◆ Exercise details:
Restate the records that follow word for word. Omit the images.

◆ Provided records:
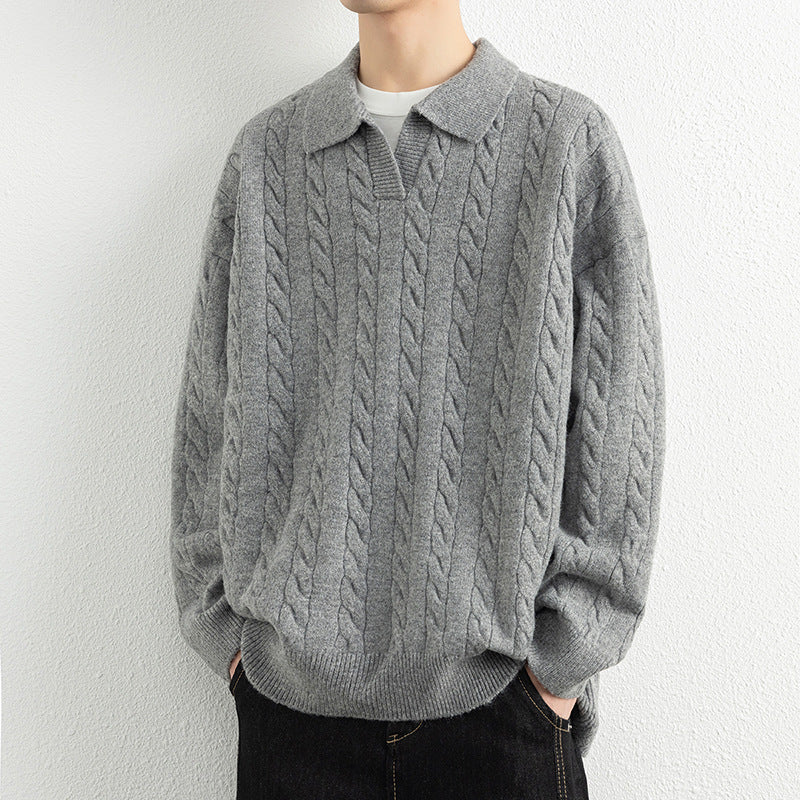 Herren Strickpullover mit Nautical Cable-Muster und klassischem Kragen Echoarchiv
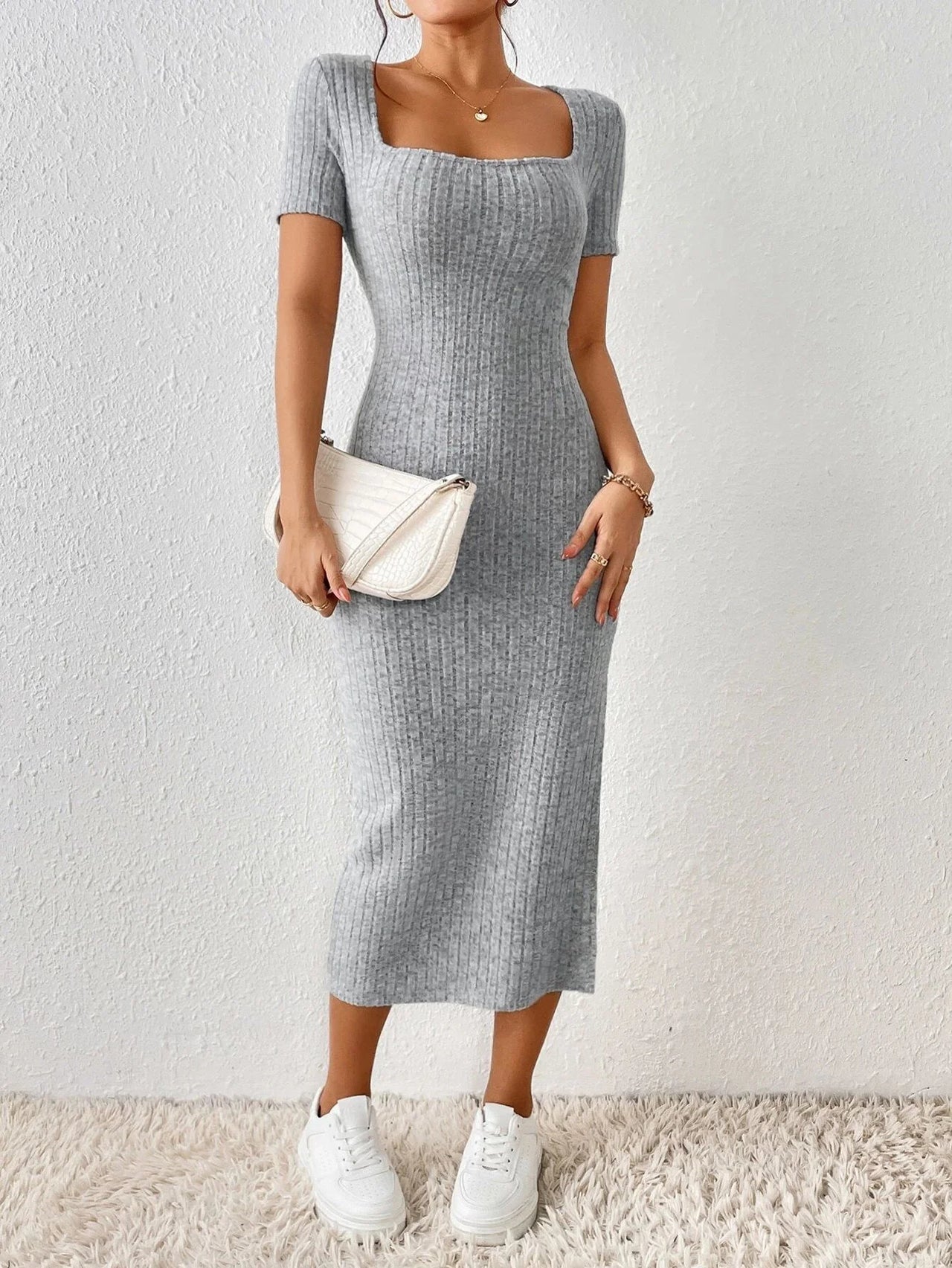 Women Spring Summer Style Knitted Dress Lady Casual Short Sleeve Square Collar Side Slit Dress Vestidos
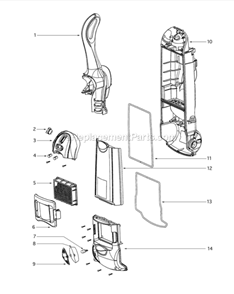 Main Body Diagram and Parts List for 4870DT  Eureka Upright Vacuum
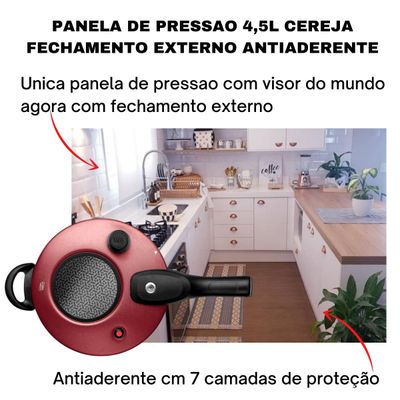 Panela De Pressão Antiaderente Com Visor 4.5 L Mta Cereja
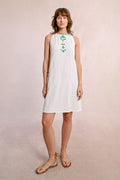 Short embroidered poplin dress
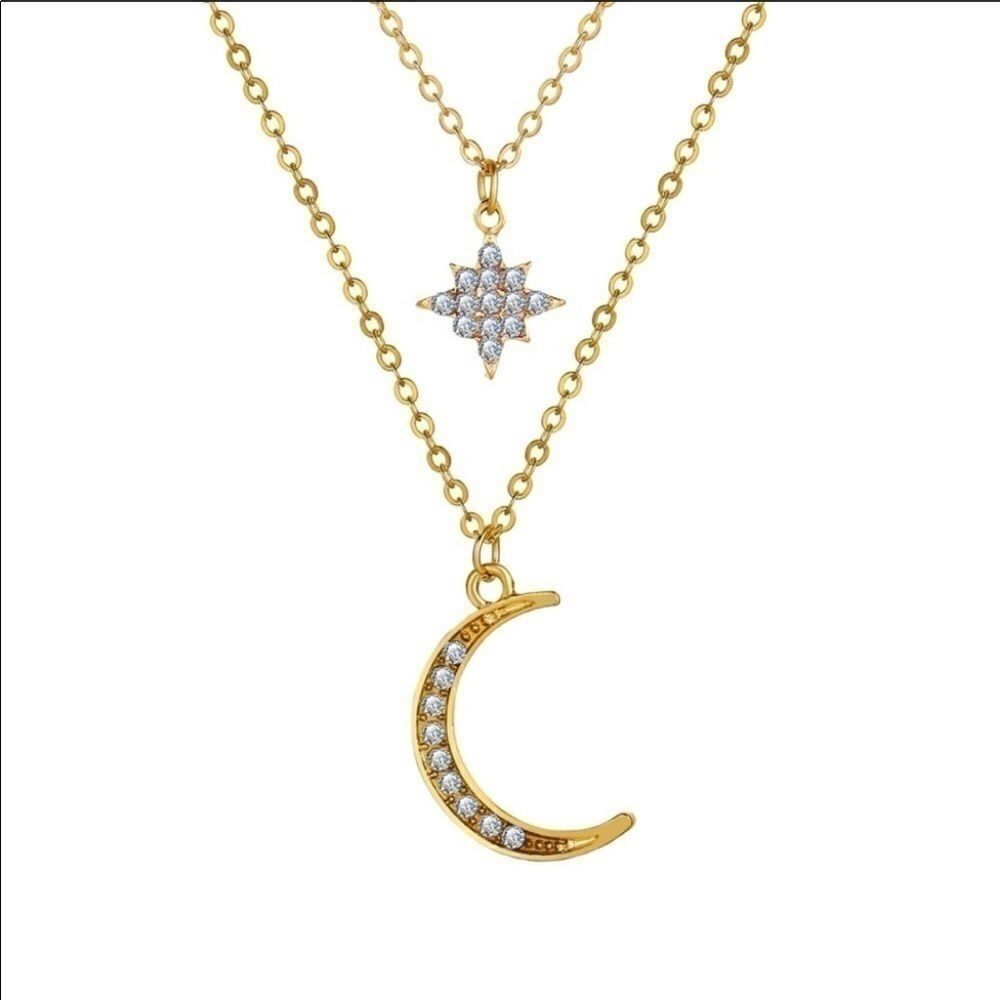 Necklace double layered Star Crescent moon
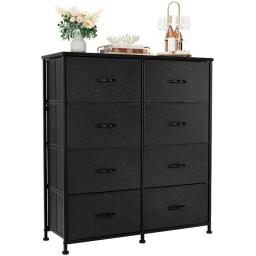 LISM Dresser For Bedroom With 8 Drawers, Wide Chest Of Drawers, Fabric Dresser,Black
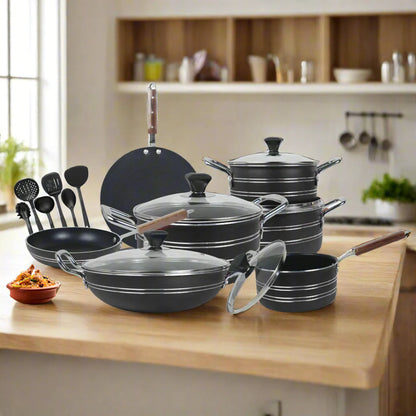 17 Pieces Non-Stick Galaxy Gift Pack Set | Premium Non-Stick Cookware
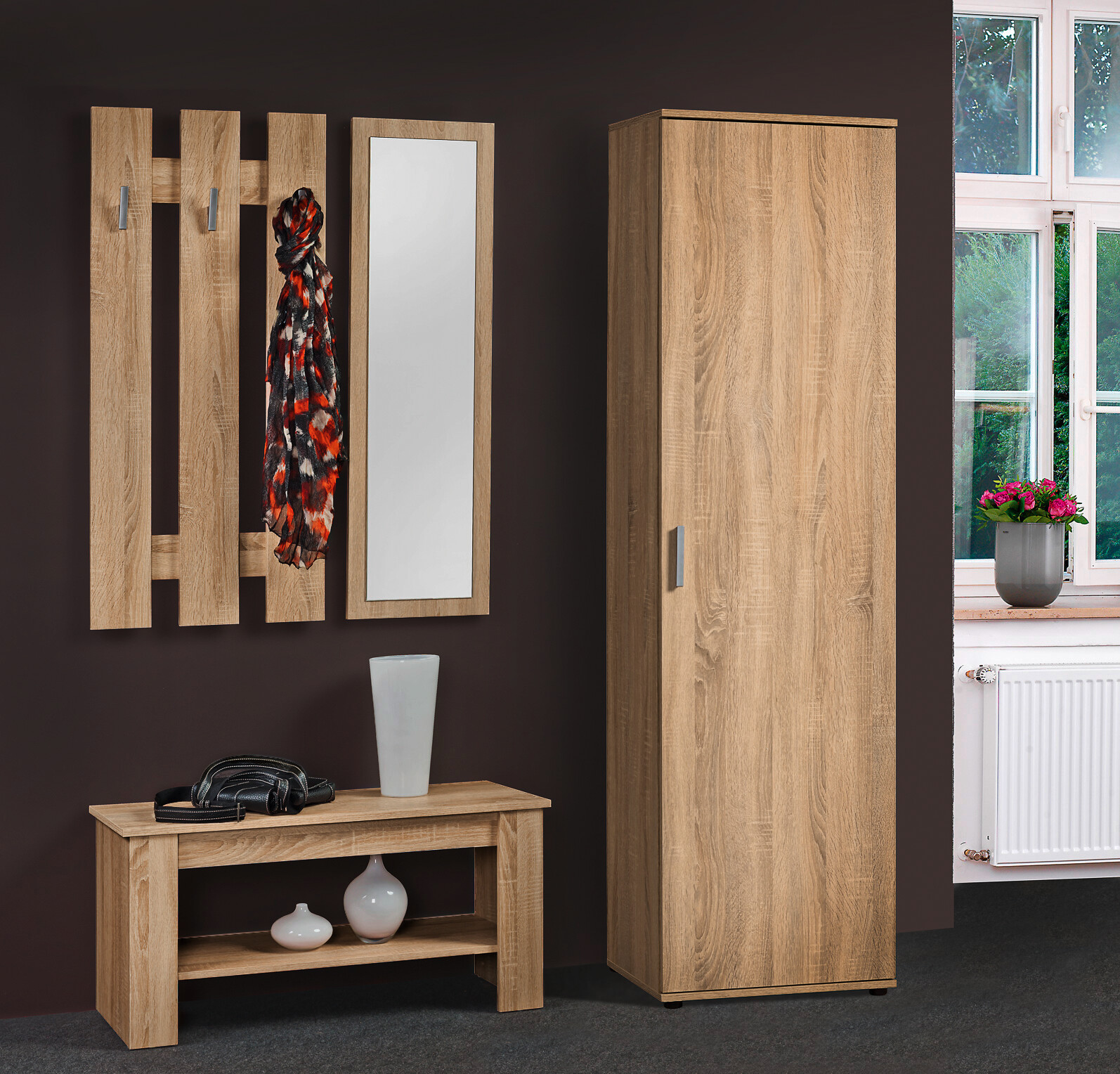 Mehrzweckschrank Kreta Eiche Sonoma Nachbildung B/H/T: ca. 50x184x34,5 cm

◆ Finished task:
 Herren Strickpullover mit Nautical Cable-Muster und klassischem Kragen Echoarchiv
 Women Spring Summer Style Knitted Dress Lady Casual Short Sleeve Square Collar Side Slit Dress Vestidos
 Main Body Diagram and Parts List for 4870DT  Eureka Upright Vacuum
 Panela De Pressão Antiaderente Com Visor 4.5 L Mta Cereja
 Short embroidered poplin dress
 Necklace double layered Star Crescent moon
 LISM Dresser For Bedroom With 8 Drawers, Wide Chest Of Drawers, Fabric Dresser,Black
 17 Pieces Non-Stick Galaxy Gift Pack Set | Premium Non-Stick Cookware
 Mehrzweckschrank Kreta Eiche Sonoma Nachbildung B/H/T: ca. 50x184x34,5 cm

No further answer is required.